I had joined the conspiracy.
Stranded on separate shores,
my mother and I played our assigned roles,
few scripted lines.
Bookman’s pain at her father’s unwillingness to share the truth with her mother emerges in “Museum of Natural History,” where she comments, “My father was always right/until he wasn’t.”
Along with losing her sense of her father’s infallibility, Bookman explores the other losses in her life and their links to her lost beloveds. The vermillion wallet her mother brought from Paris, her grandmother’s ivory comb, even the adventures she shared with her aunt paint a picture of her family’s connections while encapsulating the way items and memories slip away over time. Yet despite these losses, Bookman soldiers on.
The arrival of genetic testing offered new information, along with the weighty decision whether to access it. Bookman, who tested positive for the BRCA gene, seems to have some sort of genetic protection. As she writes in “Protective Factors,” this concept gives her more confusion than relief,
I am the first woman on my maternal
grandmother’s side to live into my 60s in four generations, perhaps
more. I feel no joy, cannot celebrate.
Protective factors—two words—a radical reframing of a picture
neatly painted in black and white. Unsure where evidence of
protection resides: I waver between the prosaic and holy. My ‘high
risk’ family history is not my destiny.
Later in the collection, though, Bookman learns that her 25-year-old daughter, also bearing the BRCA gene, is at high risk. In “But Not This” she mourns,
I want my daughter to inherit my green thumb, the serpentine
marble sculpture my mother carved, my Child’s First Book of
Verse—with page corner turned down for ‘The Lamplighter’—but
An intriguing subtext running through the collection is Bookman’s evolving relationship with her Jewish heritage. In “Black Satchel,” she meditates on the meaning of Rivka, her great grandmother’s name, noting that it means “knotted cord.” She plays with this image in “The Knotted Cord,” writing, “Whose fingers braided this cobra lanyard, this knotted cord?/Fate crosses randomness, right under left...”

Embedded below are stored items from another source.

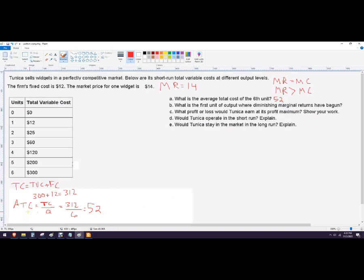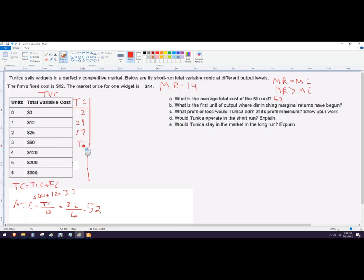If you need to show your work, that's how to do it. But I'm also going to calculate each entry in the total cost column because I need it for later answers. Total cost is just total variable cost plus the fixed cost of 12. So the total cost column goes: 12, 24, 37, 72, 132, 212, 312.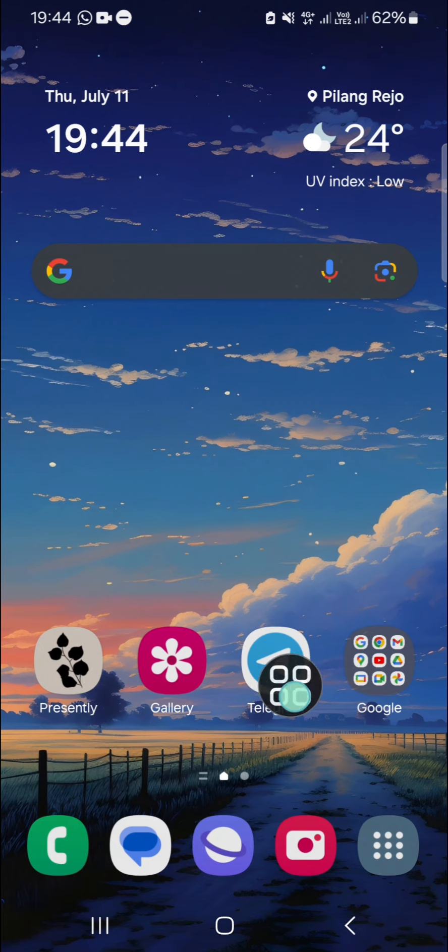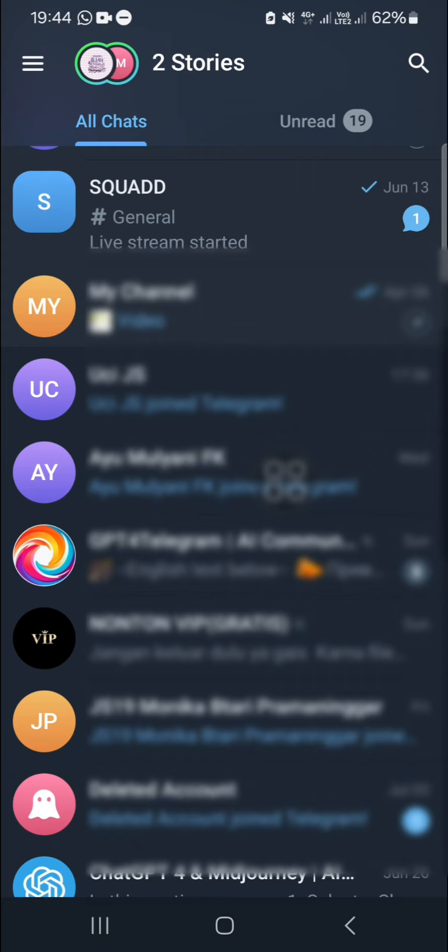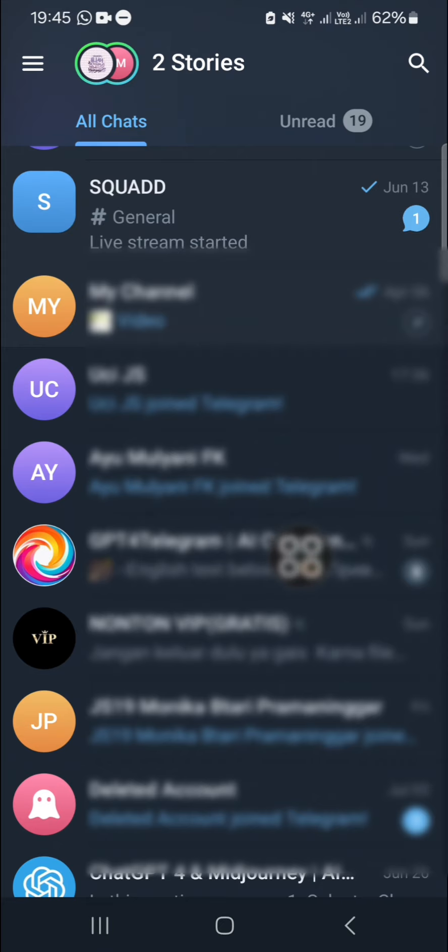Once we have opened our Telegram application, we can choose a room chat or a message we want to read. For instance, I'm going to read the message of this room chat, so we can tap and hold on the profile picture like this.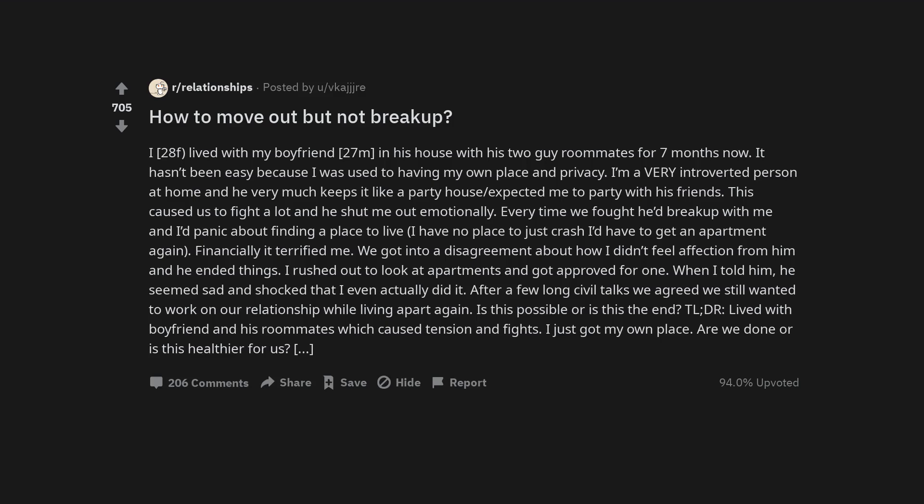I, 28 female, lived with my boyfriend, 27 male, in his house with his two guy roommates for seven months now.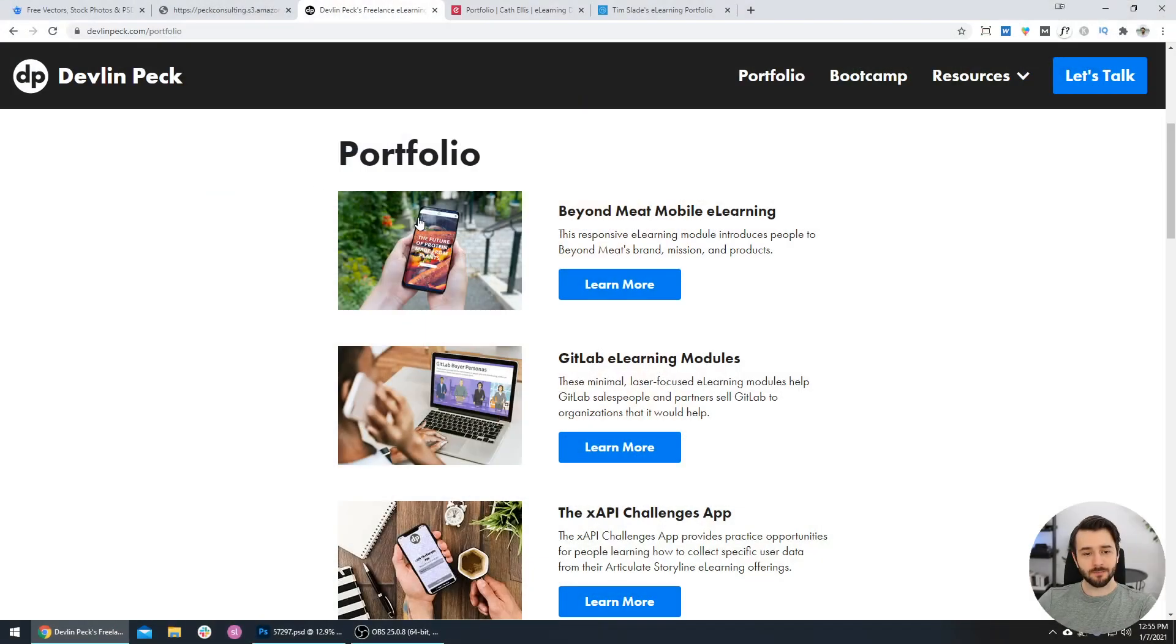When you're showing off your work, it may be tempting to just include a screenshot as the cover photo. But if you can include that work on a computer screen or mobile phone mockup, it looks a lot more professional and visually appealing. Let me show you what I mean.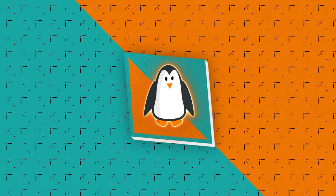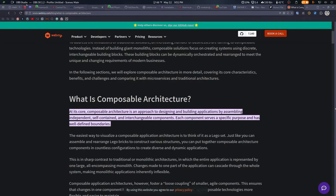So what the hell is a composable distro? I looked it up and there is actually a definition. This comes from something called Webini, and I found the same definition in other places, so it seems reliable. What they say is: at its core, composable architecture is an approach to designing and building applications by assembling independent, self-contained, interchangeable components. Each component serves a specific purpose and has well-defined boundaries.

The evocation of heritage and ritual across time clearly provides comfort to the poet. In the course of the book, Judaism becomes a larger part of her life, from an account of “mumbling along” during the Kaddish for her grandfather to her personal recitation of “Kadosh, kadosh, kadosh/ Holy, holy, holy” each morning.
“Yet the book is not mired in grief and despair. A number of these poems share the delight of life and love. “Georgica” captures the joy of a childhood bicycle ride “in the honey suckle night,” the subtle “Peonies” explores the role of ants as a prelude to romance, and “Learning to Swim” describes the magical independence of finally learning to swim. Her lost mother becomes a source of comfort in poems like “Restoration,” “Sight Seeing Trip,” and “Shimmering.” In one of the last poems of the book, she addresses her son who is about to become a father, extending the bloodlines another generation.
As a poet and a survivor of breast cancer myself, I found this collection a powerful mixture of the agony of loss and the stubbornness of resilience. The photos of Bookman’s family makes their loss more personal; I mourned these talented women cut down so young. But Bookman encourages us to love, to remember, and to forgive. In the last poem, “Hymn to be Sung at Astronomical Twilight,” she writes,
till your eyes are used to the dark:
you will see animal hearts and the skins of ghosts
you will see tender shoots and saplings,
a grove of saplings
like far off stars
waiting to be born
waiting for the light.
We conclude this collection humbled by the burdens some people carry and uplifted by the joy so eloquently described. Reading this slim volume enhances our appreciation of life in all its sweetness—and its salt. We may not know how long we will live, but we can control how well we do so.
Ann Leamon’s work has been published in River Teeth, The Lyric, The Boston Globe, MicroLit Almanac, The North Dakota Quarterly, and Harvard Business School Press, among others. She lives along the Medomak River in Maine with her husband and a Labrador-Corgi mix.